Subject to Plan Section 5.8, distributions of a Participant's Account under 
the Plan shall be made as follows:

(a)  if a Participant has elected to defer his or her Fees to a specified date 
in the future, payment shall be as of such date and shall be made or shall 
commence, as the case may be, within thirty (30) days after the date 
specified;

(b)  if a Participant has elected to defer his or her Fees until cessation of 
his or her service as a member of the Board of Directors, payment shall be as 
of the date of such cessation of service and shall be made or shall commence, 
as the case may be, within thirty (30) days after the cessation of the 
Participant's service as a director; and

(c)  if a Participant has elected to defer his or her Fees until the end of 
the calendar year in which the cessation of his or her service as a member of 
the Board of Directors occurs, payment shall be made or commence, as the case 
may be, on or within thirty (30) days after December 31st of such year.

5.7  Payment Upon Death

Notwithstanding any elections pursuant to Plan Sections 5.2 and/or 5.9 hereof, 
in the event of the death of the Participant prior to the distribution of his 
or her Account hereunder, the balance credited to such Participant's Account 
as of the date of his or her death shall be paid, as soon as reasonably 
practicable thereafter, in a single distribution to the Participant's 
beneficiary or beneficiaries designated on such Participant's deferral 
election form.  If no such election or designation has been made, such amounts 
shall be payable to the Participant's estate.

                                               3
<PAGE>

5.8	Timing of Distribution to Satisfy Section 16(b)

Notwithstanding Plan Sections 5.6 and 5.7, the Board of Directors may delay 
any distribution of amounts deferred hereunder which are deemed invested in 
Common Stock Units until six (6) months have elapsed from the date Common 
Stock Units are credited to a Participant's account, or such earlier date that 
such distribution can be made without violating the provisions of Section 
16(b) of the Securities Exchange Act of 1934.

5.9  Form of Payment

A Participant may elect to have his or her Account under the Plan paid in a 
single distribution or equal annual installments, not to exceed ten (10) 
annual installments.  To the extent a Participant's Account is deemed to be 
invested in Common Stock Units, such Common Stock Units shall be converted to 
Common Stock on the distribution date as provided in the next paragraph.  To 
the extent deemed invested in units of any other stock such units shall 
similarly be converted and distributed in the form of stock.  To the extent 
invested in a medium other than Common Stock Units or other units, each such 
distribution hereunder shall be in the medium credited to the Participant's 
Account.

To the extent a Participant's Account is deemed invested in Common Stock 
Units, a single distribution shall consist of the number of whole shares of 
Common Stock equal to the number of Common Stock Units credited to the 
Participant's Account on the date as of which the distribution occurs.  Cash 
shall be paid to a Participant in lieu of a fractional share, determined by 
reference to the Stock Price on the date as of which the distribution occurs.

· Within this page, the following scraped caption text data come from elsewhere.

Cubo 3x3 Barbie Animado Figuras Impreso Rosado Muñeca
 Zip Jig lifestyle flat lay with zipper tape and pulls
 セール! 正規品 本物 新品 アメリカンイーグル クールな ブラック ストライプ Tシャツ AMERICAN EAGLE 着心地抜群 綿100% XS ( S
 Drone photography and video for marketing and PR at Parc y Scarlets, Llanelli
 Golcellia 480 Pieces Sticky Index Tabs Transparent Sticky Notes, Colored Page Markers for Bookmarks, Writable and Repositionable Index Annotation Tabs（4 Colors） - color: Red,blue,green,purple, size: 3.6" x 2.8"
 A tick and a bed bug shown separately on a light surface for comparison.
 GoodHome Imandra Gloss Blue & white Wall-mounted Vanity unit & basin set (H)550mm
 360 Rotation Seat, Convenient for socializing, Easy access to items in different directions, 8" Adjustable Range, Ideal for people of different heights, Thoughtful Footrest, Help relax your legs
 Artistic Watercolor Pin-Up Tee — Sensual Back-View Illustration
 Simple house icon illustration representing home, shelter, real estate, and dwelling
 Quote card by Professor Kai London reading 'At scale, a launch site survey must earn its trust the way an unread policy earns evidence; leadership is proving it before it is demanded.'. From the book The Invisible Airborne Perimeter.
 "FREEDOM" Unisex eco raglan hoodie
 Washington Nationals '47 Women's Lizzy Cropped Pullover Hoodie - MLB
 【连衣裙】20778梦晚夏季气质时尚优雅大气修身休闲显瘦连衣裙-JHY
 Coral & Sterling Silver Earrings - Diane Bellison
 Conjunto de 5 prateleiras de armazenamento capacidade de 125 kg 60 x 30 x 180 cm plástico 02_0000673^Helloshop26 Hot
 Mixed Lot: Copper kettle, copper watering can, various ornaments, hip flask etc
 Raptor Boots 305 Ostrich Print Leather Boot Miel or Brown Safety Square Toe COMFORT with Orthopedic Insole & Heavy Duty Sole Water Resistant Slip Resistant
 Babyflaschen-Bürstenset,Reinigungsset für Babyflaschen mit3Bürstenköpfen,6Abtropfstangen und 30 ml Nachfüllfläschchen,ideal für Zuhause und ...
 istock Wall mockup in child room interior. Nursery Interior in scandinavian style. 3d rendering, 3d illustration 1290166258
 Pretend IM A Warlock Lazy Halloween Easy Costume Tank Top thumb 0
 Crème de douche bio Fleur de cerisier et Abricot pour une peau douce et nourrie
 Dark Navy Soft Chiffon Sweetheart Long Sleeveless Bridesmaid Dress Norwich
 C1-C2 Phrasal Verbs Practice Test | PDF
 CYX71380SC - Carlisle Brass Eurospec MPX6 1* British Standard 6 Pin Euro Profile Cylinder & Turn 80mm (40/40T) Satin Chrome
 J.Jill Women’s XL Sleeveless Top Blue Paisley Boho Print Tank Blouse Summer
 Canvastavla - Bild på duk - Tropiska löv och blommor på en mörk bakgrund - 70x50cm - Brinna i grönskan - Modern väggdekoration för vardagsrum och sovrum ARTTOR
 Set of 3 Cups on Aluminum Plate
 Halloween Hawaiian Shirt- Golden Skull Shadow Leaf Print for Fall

In the event a Participant has elected to receive annual installment payments, 
each such payment shall be determined as follows:

(a)  To the extent his or her Account is deemed to be invested in Common Stock 
Units, each such payment shall consist of the number of whole shares of Common 
Stock equal to the number of Common Stock Units (including fractional units) 
credited to the Participant's Account on the date as of which the distribution 
occurs, divided by the number of annual installments remaining as of such 
distribution date.  Cash shall be paid to Participants in lieu of fractional 
shares, determined by reference to the Stock Price on the date as of which the 
distribution occurs.

(b)  To the extent his or her Account has been credited in cash, each such 
payment shall be calculated by dividing the value on the date the distribution 
occurs of that portion of the Participant's Account which is in cash by the 
number of annual installments remaining as of such distribution date.

Each Participant or beneficiary agrees that prior to any distribution under 
the Plan, he or she will make such representations and execute such documents 
as are deemed by the Board of Directors to be necessary to comply with 
applicable laws.

6.  Administration of the Plan.

The Board of Directors shall administer the Plan.  The Board of Directors 
shall have plenary authority in its discretion to interpret the Plan;  to 
prescribe, amend and rescind rules and regulations relating to it; to 
determine the terms of Fees deferral agreements executed and delivered under 
the Plan, including such terms and provisions as shall be requisite in the 
judgment of the Board of Directors to conform to any change in any law or 
regulation applicable thereto; and to make all other determinations deemed 
necessary or advisable for the administration of the Plan; provided, however, 
that the Board shall have no discretion with respect to the eligibility or 
selection of directors to receive shares of Common Stock under Section 4.1 of 
the Plan, the number of shares of Common Stock to be granted or purchased 
under the Plan or the timing of the grant or purchase of such shares, or the 
purchase price for such shares.  The Board of Directors' determination on the 
foregoing matters shall be conclusive.

7.  Termination and Amendment of the Plan.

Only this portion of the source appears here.